Y así es el destino de los débiles cuando negocian con los fuertes, agachar la cabeza y someterse, porque la igualdad en las negociaciones sólo es posible en igualdad de fuerza y poder. Como bien se ha visto en el diferente trato con que la UE ha tratado a Grecia y a Gran Bretaña cuando han pretendido desviarse del camino trazado, poniendo en tela de juicio las normas dictadas desde lo alto. A los griegos se la humillado, no sólo obligándoles a aceptar condiciones vejatorias, sino convirtiéndoles, a ojos de la opinión pública europea, en culpables de todos los males de Europa. Por el contrario, a los otros, a los británicos, se les ha tratado con algodones, permitiéndoles hacer como gustasen a cambio de vagas y tenues promesas, que no se verán obligados a guardar y para cuyo incumplimiento siempre podrán encontrar excusas.
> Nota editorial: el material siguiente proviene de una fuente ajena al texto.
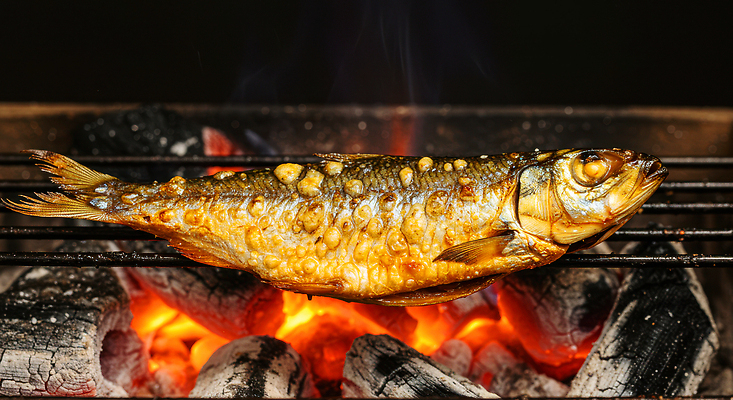 JPG 편집이미지 가족 자연 아침 불꽃 어류 요리 야외 맛 저녁 모닥불 구이 주말 숯불 먹거리 편집실사 AI포토 AI콘텐츠 주간 음식 컨셉 관계 불 수중동물 야간 CG 생태계 파일형식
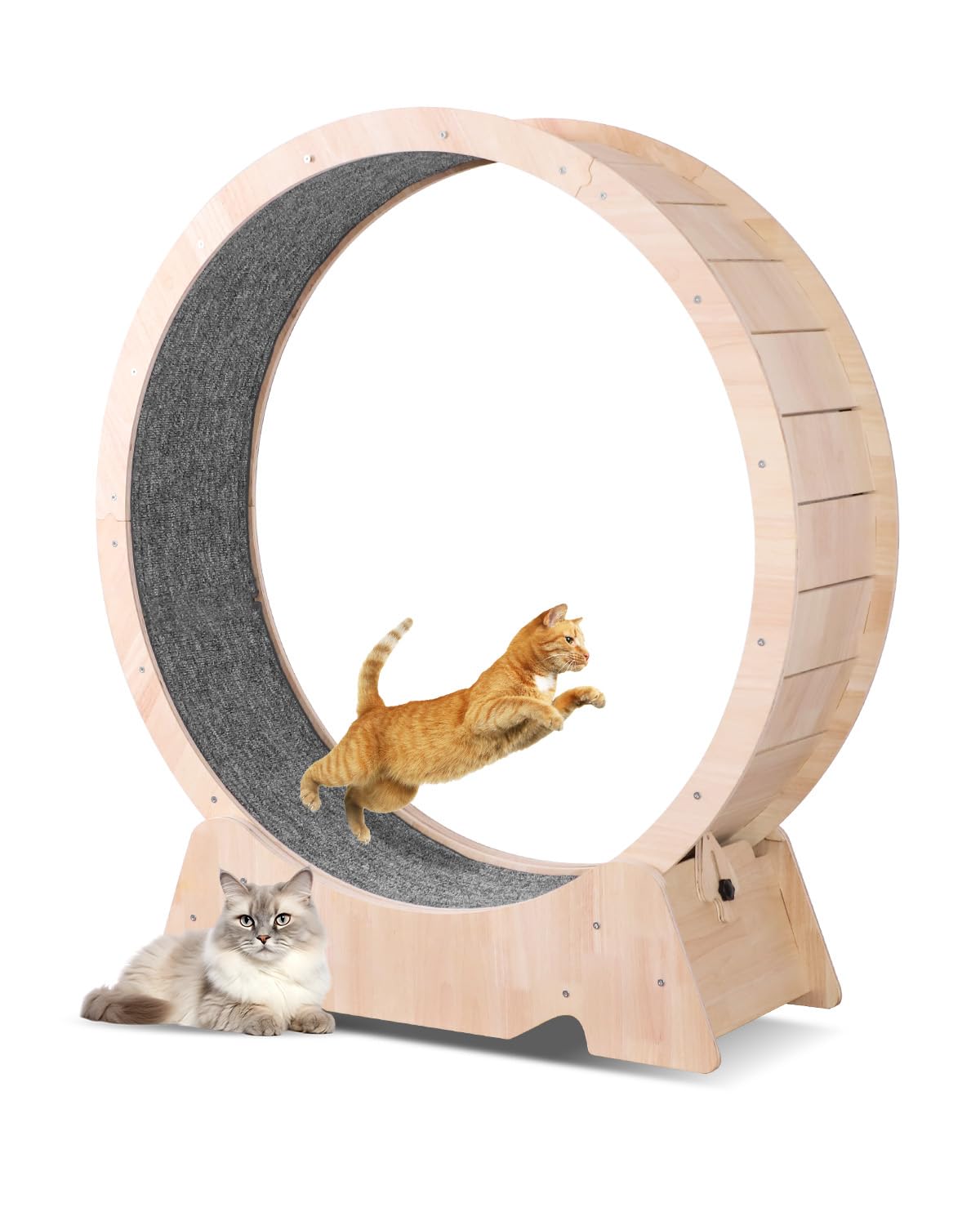 Amazon.co.jp: キャットホイール 猫の車輪 猫 ホイール XL105CM 直径 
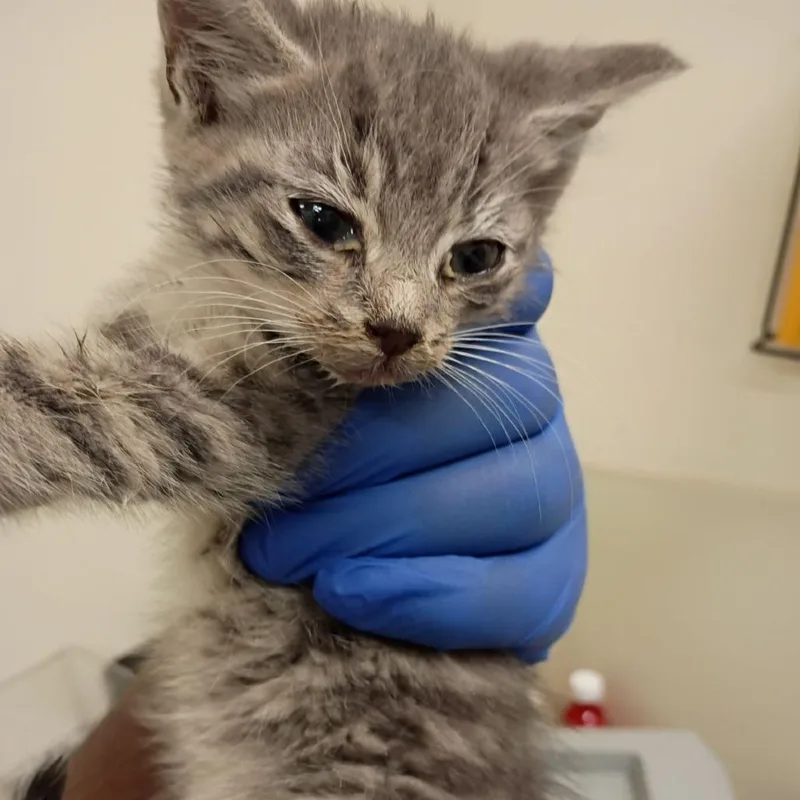 A baby small-sized male Gray / Blue / Silver Domestic Short Hair cat named Chamomile for adoption in Lynchburg, VA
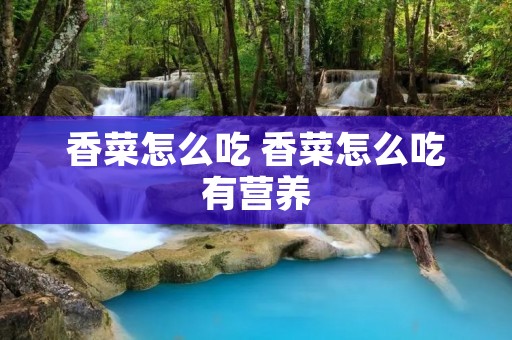 香菜怎么吃 香菜怎么吃有营养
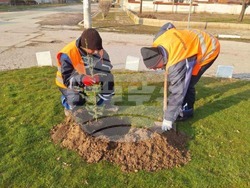 с. Ясно поле - рехабилитация  - улици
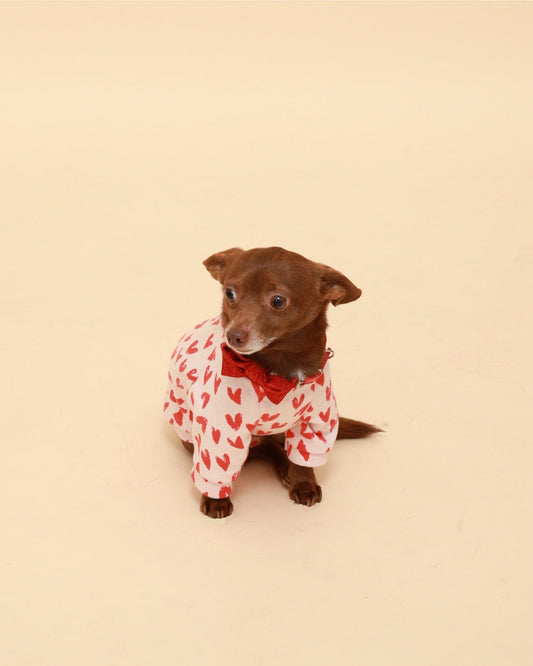 Red Hearts Cotton Raglan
Aplaudidas y elogiadas por los que se dicen sabios y rectores.

Atenienses: No vayáis a tomar la senda de aquel sentimiento del honor que, en situaciones de manifiesto peligro con el honor en juego, las más de las veces lleva a los hombres a la ruina. Porque a muchos que todavía preveían adonde iban a parar, el llamado sentido del honor, con la fuerza de su nombre seductor, les ha arrastrado consigo, de modo que, vencidos por esa palabra, han ido de hecho a precipitarse por voluntad propia en desgracias irremediables, y se han granjeado además un deshonor que, por ser consecuencia de la insensatez, es más vergonzoso que si fuera efecto de la suerte. De esto vosotros debéis guardaros si tomáis el buen camino. No consideréis indecoroso doblegaros ante la ciudad más poderosa cuando os hace la moderada propuesta de convertiros en aliados suyos, pagando el tributo pero conservando vuestras tierras, ni dejar de porfiar por tomar el peor partido cuando se os da la oportunidad de elegir entre la guerra y la seguridad. Porque aquellos que no ceden ante los iguales, que se comportan razonablemente con los más fuertes y que se muestran moderados con los más débiles son los que tienen mayores posibilidades de éxito. Reflexionad, pues, cuando nos hayamos retirado, y no dejéis de tener presente que estáis decidiendo sobre vuestra patria, y que de esta única decisión sobre esta única patria que tenéis, según sea acertada o no, dependerá que sea posible mantenerla en pie.